Guest Blog | November 30, 2011 | Climate Change

Thousands of world citizens are once again converging in South Africa to take part in an international gathering observed by a global audience. Unlike attendees at last year’s soccer World Cup, it’s a safe bet that negotiators, government officials, activists and observers from 195 countries at the 17th annual climate talks in Durban, South Africa won’t be blowing vuvuzelas during the proceedings. Beyond that prediction, however, it is difficult to discern what progress will be made as negotiators struggle to find common ground in an ongoing effort to craft a global agreement to reduce carbon pollution.
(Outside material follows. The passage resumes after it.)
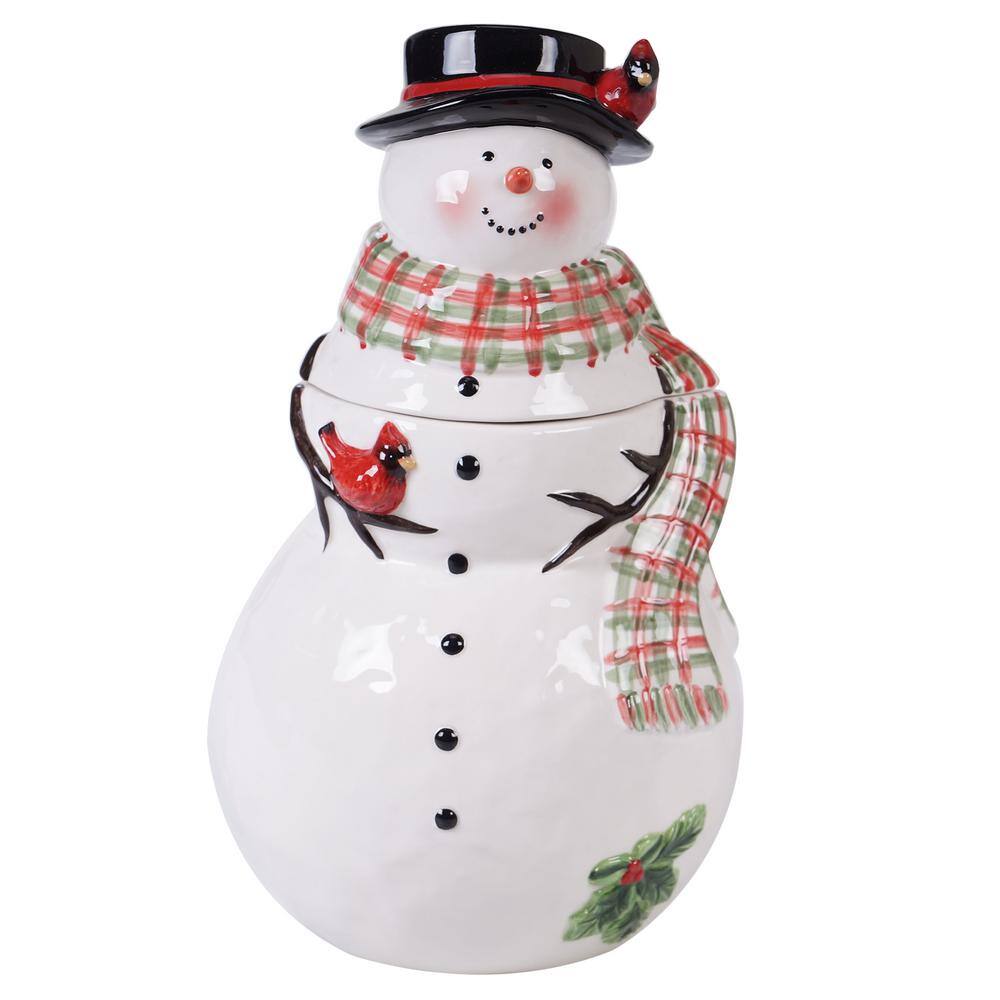 Certified International Watercolor Snowman Multi-Colored 11 in. 3-D ...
Although world leaders who attended the Earth summit in Rio de Janeiro in 1992 agreed¹ in principle to reduce carbon emissions to mitigate the threats of climate change, negotiators tasked with developing actual agreements that commit nations to actual reductions have had difficult work. A prime example of their challenge was the 1997 Kyoto protocol, the world’s only binding climate agreement. Even though U.S. officials actively negotiated the terms of the treaty at that year’s gathering of the Conference of the Parties (COP), the U.S. Senate failed to ratify the agreement and so it went into force in 2005 without the participation of the (then) world’s largest carbon emitter.
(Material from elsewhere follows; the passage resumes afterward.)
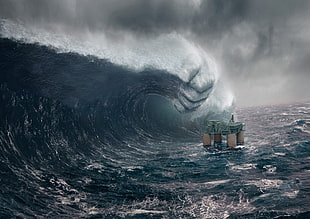 ocean waves, sea, fantasy art, digital art HD wallpaper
The talks in Durban, officially known as the 17th COP, are critical as we are rapidly running out of time to avert the worst impacts from climate change.  A new IPCC report issued by 200 climate scientists last week confirms that extreme weather events will become the norm as a result of a changing climate.  Additionally, the International Energy Agency issued dire warnings that the world has only five years to take the emissions-cutting measures needed to prevent catastrophic global warming.

A recent attempt to draft one such measure (and replace the expiring Kyoto Protocol) resulted in the non-binding, two-page Copenhagen Accord which acknowledges global temperature rise should be limited to 2C, but failed to include concrete goals to ensure the target is maintained.  This is something akin to offering swimming lessons to a drowning person.

To have a real chance at reducing global emissions and limiting temperature rise to 2C, negotiators in Durban must make progress on climate mitigation, adaptation, technology and finance while taking the first steps towards a legally-binding climate agreement to replace the Kyoto Protocol in the coming years.  A heavy workload by any account and only possible with strong leadership from key countries. By the end of next week, we’ll know whether the U.S. intends to provide that necessary leadership for emissions reduction efforts or simply erect more stumbling blocks along the way.

1 – Note: this agreement was formally recognized as the United Nations Framework Convention on Climate Change (UNFCC).